Even though we, as creatives, have a job that requires we learn to handle A LOT of rejection, it still stings. It still can generate professional setbacks if there are too many losses in a row. This is why it’s SO much easier to just find your people than to try to force yourself to be someone that you’re not. After all, this world is built on niches upon niches, there is absolutely someone who gets you out there, and almost certainly enough of those people to allow you to make a living. 

After all, NO ONE is *that* special. Not really. We’re all just meaty bags of pulp at the end of the day. 

Identifying Your Segment, Sector, Humans, or Fleshy Bags of Wonder

Before you can find the people who will hold on to you and understand the unique talents you possess, you’re gonna have to do some real soul-searching and, frankly, be painfully honest with yourself. I’m sorry, but this is the only way.

I’ve met a lot of young writers who really want to be a certain sort of writer: clever, sarcastic, witty, sardonic, intense, intellectual, the list is long, but who were really something entirely different. And there’s no sinnin’ in learning how to write like someone else, or to get better at networking with some kind of self-help reading, or to generally improve your skill base. 

But there’s a difference between doing this and trying to overwrite who you are at your very core. It’s that heart that makes you you, and, as far as I’ve ever seen, that bit doesn’t really change a lot once you’re a fully mature person. This is where the honesty thing comes in, because you need to recognize who that is, what it is that makes your heart beat, and harness the fuck outta it.

Maybe you want to be a clever writer, but you’re really an analytical one. You know what? That’s ok, there are so many places you are amazingly useful and people who WANT a naturally analytical writer will fall all over themselves to find one who will embrace that. There are also places where your cheek is way too fucking much and you’ll get kicked to the curb for being sassy. I am both a highly analytical thinker and have a bad case of the sassypants, so I speak from experience here.

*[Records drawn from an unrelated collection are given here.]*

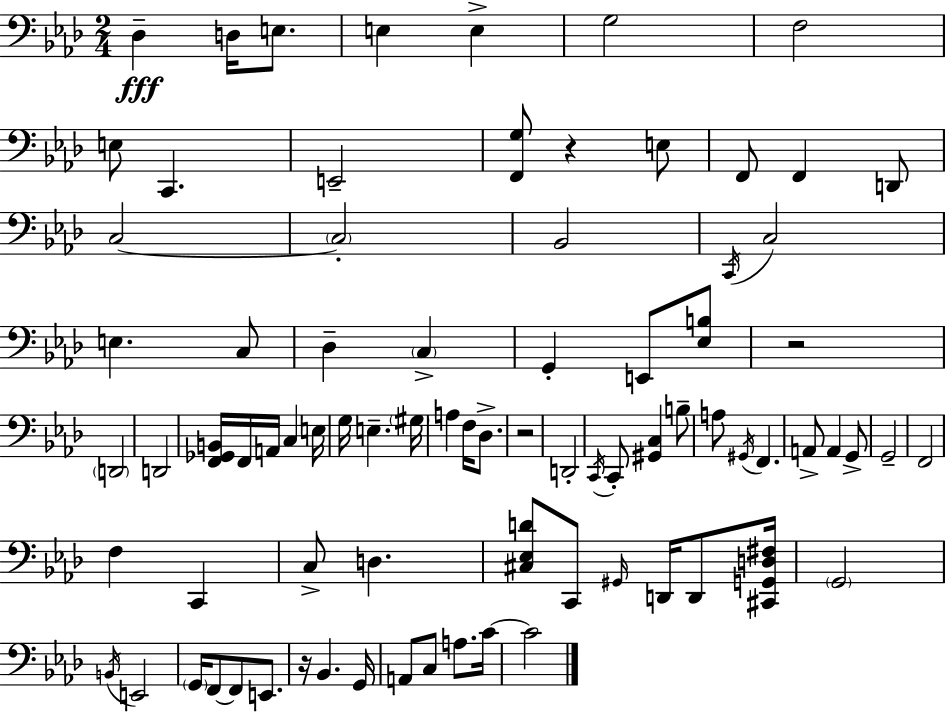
{
  \clef bass
  \numericTimeSignature
  \time 2/4
  \key f \minor
  des4--\fff d16 e8. | e4 e4-> | g2 | f2 | \break e8 c,4. | e,2-- | <f, g>8 r4 e8 | f,8 f,4 d,8 | \break c2~~ | \parenthesize c2-. | bes,2 | \acciaccatura { c,16 } c2 | \break e4. c8 | des4-- \parenthesize c4-> | g,4-. e,8 <ees b>8 | r2 | \break \parenthesize d,2 | d,2 | <f, ges, b,>16 f,16 a,16 c4 | e16 g16 e4.-- | \break \parenthesize gis16 a4 f16 des8.-> | r2 | d,2-. | \acciaccatura { c,16 } c,8-. <gis, c>4 | \break b8-- a8 \acciaccatura { gis,16 } f,4. | a,8-> a,4 | g,8-> g,2-- | f,2 | \break f4 c,4 | c8-> d4. | <cis ees d'>8 c,8 \grace { gis,16 } | d,16 d,8 <cis, g, d fis>16 \parenthesize g,2 | \break \acciaccatura { b,16 } e,2 | \parenthesize g,16 f,8~~ | f,8 e,8. r16 bes,4. | g,16 a,8 c8 | \break a8. c'16~~ c'2 | \bar "|."
}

But you know who I want to be? Or who I used to want to be, before I realized that I could only be who I am anyway? I wanted to be one of those writers who sound so, so smart. They pull in quotes from philosophers I’ve never even heard of, they speak four languages fluently, they are all that is intellect and class. That’s who I used to want to be. That’s the round hole I used to try to pound myself into.

You know who I am? I’m a walking dad joke wrapped in rural folksisms. I’m a person with a great deal of practical knowledge, not nearly enough formal education, and no fear. I’m a force of nature, just like you, but I would have never realized this until I really took a long look at myself.

So, step one is to really understand who you are and what your skill set looks like. Because, as I’ve said so many times in the past, as writers, we’re not in competition with one another. The client will hire the best fit for what their brain eyeballs see. They hire the person who they think is the right person, there’s really not even a contest. 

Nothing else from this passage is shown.